On Thu, 02 Jul 2020 13:43:11 +0200
Christian Schoenebeck <qemu_...@crudebyte.com> wrote:

> On Mittwoch, 1. Juli 2020 17:12:40 CEST Greg Kurz wrote:
> > On Wed, 01 Jul 2020 13:47:12 +0200
> > 
> > Christian Schoenebeck <qemu_...@crudebyte.com> wrote:
> > > On Mittwoch, 1. Juli 2020 12:09:24 CEST Greg Kurz wrote:
> > > > No I'm talking about code that isn't changed by this series:
> > > >     if (initial_offset == 0) {
> > > >     
> > > >         v9fs_co_rewinddir(pdu, fidp);
> > > >     
> > > >     } else {
> > > >     
> > > >         v9fs_co_seekdir(pdu, fidp, initial_offset);
> > > >     
> > > >     }
> > > >     count = v9fs_do_readdir(pdu, fidp, max_count);
> > > > 
> > > > Leaving these outside the critical section seems to negate
> > > > your arguments... please clarify.
> > > 
> > > Yeah, I admit I have neglected this issue, as concurrent readdir requests
> > > with same FID always was some kind of theoretical issue. But yes, you are
> > > right,
> > It's perfectly fine to miss things, that's what reviews are made for :)
> > 
> > > that should be addressed by
> > > 
> > > 1. entirely removing the rewinddir/seekdir code here
> > > 
> > > 2. passing initial_offset to v9fs_do_readdir(), which in turn would
> > > 
> > >    pass it to readdir_many()
> > > 
> > > 3. readdir_many() would handle rewinddir/seekdir exclusively in its
> > > crticial> 
> > >    section.
> > 
> > Sounds good. v7 ?
> 
> Sure, that's not the problem, I can repost this handled appropriately of 
> course.
> 
> But would you please finalize your picture of this patch set first? I would 
> really (try) to finally nail this thing with the next version.
> 

I'll do my best.

> > > > There are indeed several issues with the current readdir:
> > > > 
> > > > 1) potential inconsistency on concurrent Treaddir requests
> > > > 
> > > > 2) excessive dispatching to worker threads
> > > > 
> > > > So we agreed that 1) should never happen with a regular linux
> > > > client (we could even dump the lock actually) but we want to
> > > > make it clear in the code anyway that actions on the directory
> > > > stream are serialized.
> > > 
> > > My point is you are trying to fix a merely thereotical issue on code
> > > that's
> > > conceptually, inherently wrong and dead end code at first place. Top half
> > > code
> > I'm not trying to fix anything. We already have locking in place to
> > deal with this theoretical issue and it interferes with your changes.
> > I don't care that much if a silly guest shoots itself in the foot
> > actually, so it'll be fine with me if you just dump the lock, as
> > long as it doesn't cause QEMU to hang or crash.
> 
> Ah ok, I got you as if you wanted to fix more details on the old readdir 
> code, 
> which would be a clear blocker for this patch set to proceed. Good then.
> 
> > > should always be designed to be as thin as possible. The old readdir code
> > > though is the complete opposite.
> > 
> > It isn't readdir only, most requests span over multiple v9fs_co_*() calls...
> 
> Right, I know! And that's actually my root motivation to finally bring this 
> patch set forward, since I am very aware that this patch set is just a small 
> brick in the overall procecss of fixing similarly affected code portions. So 
> yes, that's my plan to fix them with upcoming patch sets, too.
> 
> Having said that, could we probably try to make future reviews a bit more 
> efficient at certain aspects? For instance it would help a lot if the patch 
> set was reviewed entirely, and not stopped at the very first issue spotted 
> and 
> then suspended to ++version, as this creates large latencies in the overall 
> review process?
> 

Review of 9pfs is a best effort thing... I usually stop reviewing when I'm fed
up or when all the time I could reasonably invest is elapsed. Breaking down
the series in smaller patches is the usual improvement for that.

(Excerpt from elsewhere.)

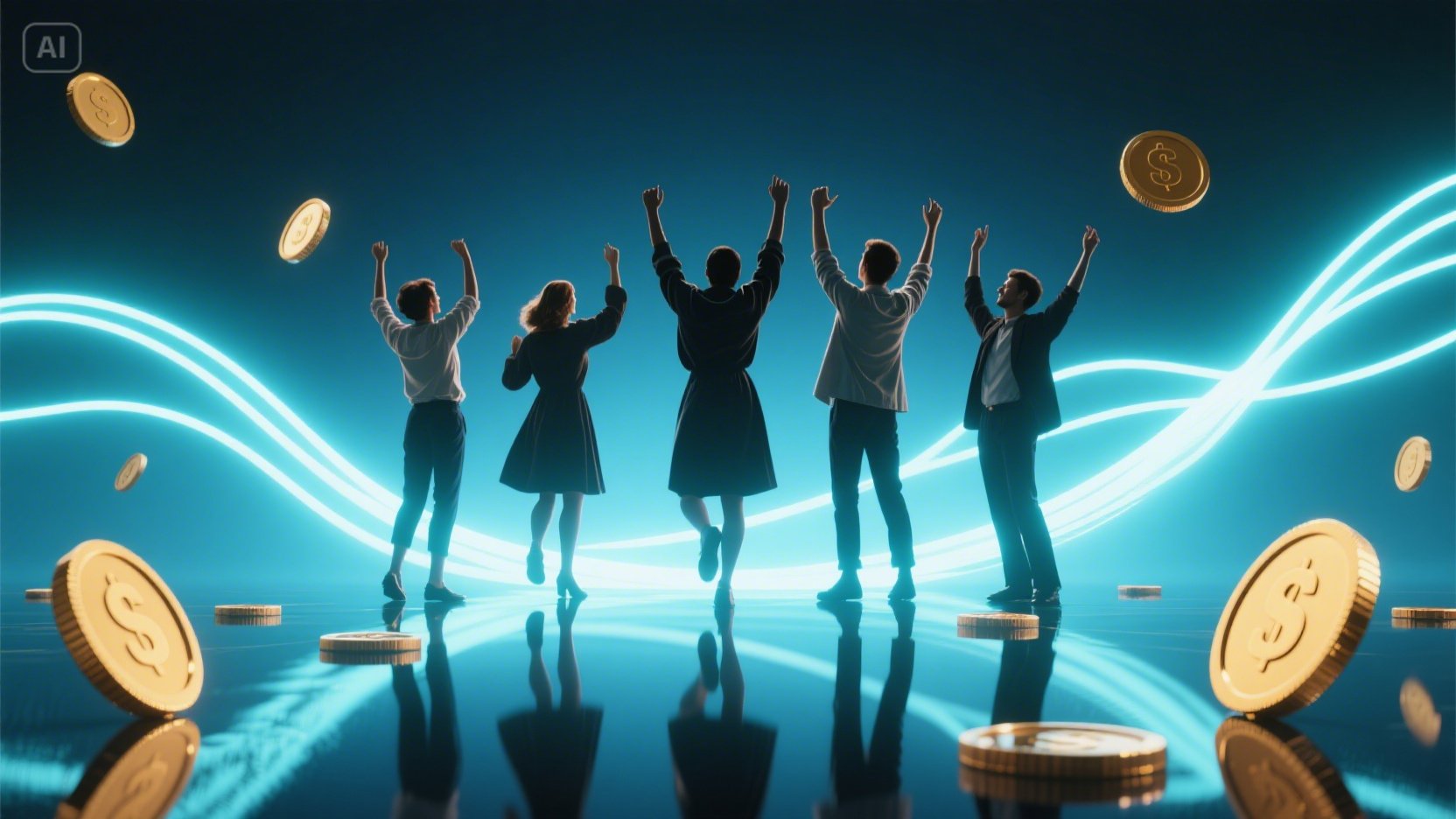 live roulette onlineFirst-time players in Pakistan can now enjoy a 200% bonus offer! Deposit using JazzCash, play online, and win real money directly into your local account.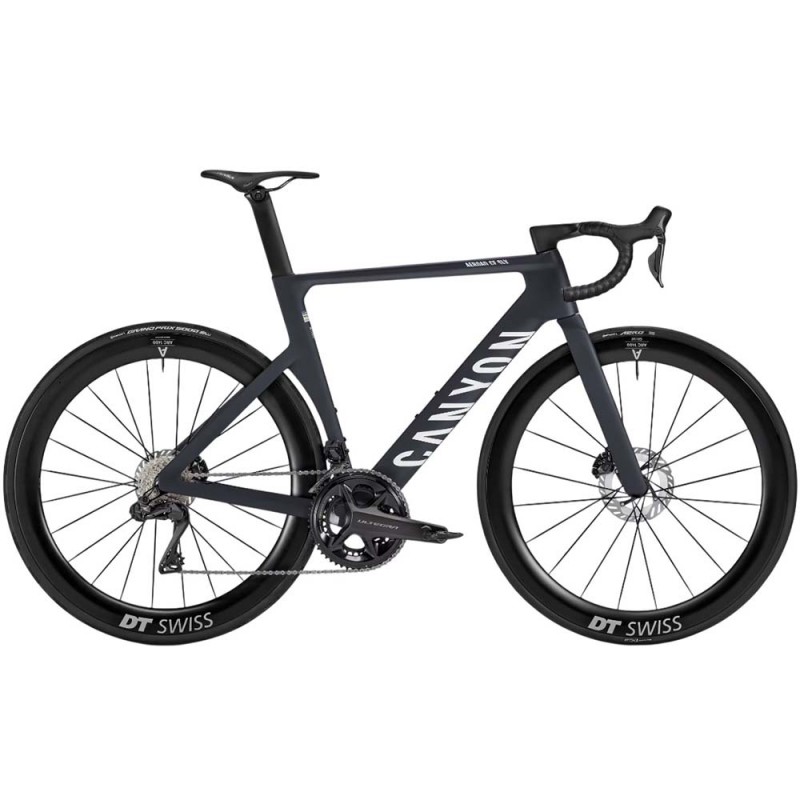 2026-canyon-aeroad-cf-slx-8-di2-road-bike-2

> And likewise it would also help if review is prioritized on relevant 
> behaviour 
> aspects (concept, design) first before arguing about code style details like 
> variable names or other details invisible to users.
> 

I don't remember questioning the overall concept behind these changes
because it looks reasonable enough (even if I would appreciate to be
able to verify them with a working reproducer).

Even if it is invisible to the users, coding style or how a series is
broken down in patches is important for developers.

> And finally: compromises. As man power on 9p is very limited, it would make 
> sense to limit patch sets at a certain extent and agree to postpone certain 
> non-critical issues to subsequent patches (or sets of), otherwise a patch set 
> will grow and grow and it will take ages to get forward.
> 

FWIW this patchset was more than 10 patches and now it is only 5 :)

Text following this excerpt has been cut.